[Stored data]
——————

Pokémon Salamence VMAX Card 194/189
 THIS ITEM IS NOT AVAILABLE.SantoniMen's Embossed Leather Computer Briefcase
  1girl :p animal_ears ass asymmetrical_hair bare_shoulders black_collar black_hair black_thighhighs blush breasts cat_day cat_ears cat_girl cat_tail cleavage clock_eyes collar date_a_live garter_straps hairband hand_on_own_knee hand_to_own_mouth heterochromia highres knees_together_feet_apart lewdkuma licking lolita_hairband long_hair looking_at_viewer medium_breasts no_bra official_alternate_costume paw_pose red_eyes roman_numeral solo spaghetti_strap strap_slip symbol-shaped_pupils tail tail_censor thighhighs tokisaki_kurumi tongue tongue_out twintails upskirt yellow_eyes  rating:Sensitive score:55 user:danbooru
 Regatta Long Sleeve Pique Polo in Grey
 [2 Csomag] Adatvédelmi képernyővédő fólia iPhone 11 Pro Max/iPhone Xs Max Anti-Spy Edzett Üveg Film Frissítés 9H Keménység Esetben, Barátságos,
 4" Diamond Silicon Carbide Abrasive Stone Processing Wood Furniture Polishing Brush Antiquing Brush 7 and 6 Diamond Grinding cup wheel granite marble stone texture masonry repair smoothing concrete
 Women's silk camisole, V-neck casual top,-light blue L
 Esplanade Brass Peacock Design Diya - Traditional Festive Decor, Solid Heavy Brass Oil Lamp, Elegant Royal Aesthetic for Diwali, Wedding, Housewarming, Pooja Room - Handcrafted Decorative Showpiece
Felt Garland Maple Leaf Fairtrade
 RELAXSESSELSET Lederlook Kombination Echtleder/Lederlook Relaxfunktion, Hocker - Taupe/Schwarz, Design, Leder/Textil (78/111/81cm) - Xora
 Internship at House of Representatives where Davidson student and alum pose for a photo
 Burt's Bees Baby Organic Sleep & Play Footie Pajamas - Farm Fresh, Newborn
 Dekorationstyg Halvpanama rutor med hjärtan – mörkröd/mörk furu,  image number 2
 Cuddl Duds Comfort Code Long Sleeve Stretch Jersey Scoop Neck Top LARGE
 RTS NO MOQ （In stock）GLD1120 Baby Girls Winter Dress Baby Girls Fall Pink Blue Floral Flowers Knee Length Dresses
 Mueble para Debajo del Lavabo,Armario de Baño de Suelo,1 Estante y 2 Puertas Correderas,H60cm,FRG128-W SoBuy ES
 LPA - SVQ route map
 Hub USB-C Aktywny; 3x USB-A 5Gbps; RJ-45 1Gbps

——————

WORK REQUIRED :: Output exactly the lines of the data that run from the one containing "Dekorationstyg Halvpanama rutor" to the very last line, and no others.

OUTPUT OF THE EXERCISE ::
 Dekorationstyg Halvpanama rutor med hjärtan – mörkröd/mörk furu,  image number 2
 Cuddl Duds Comfort Code Long Sleeve Stretch Jersey Scoop Neck Top LARGE
 RTS NO MOQ （In stock）GLD1120 Baby Girls Winter Dress Baby Girls Fall Pink Blue Floral Flowers Knee Length Dresses
 Mueble para Debajo del Lavabo,Armario de Baño de Suelo,1 Estante y 2 Puertas Correderas,H60cm,FRG128-W SoBuy ES
 LPA - SVQ route map
 Hub USB-C Aktywny; 3x USB-A 5Gbps; RJ-45 1Gbps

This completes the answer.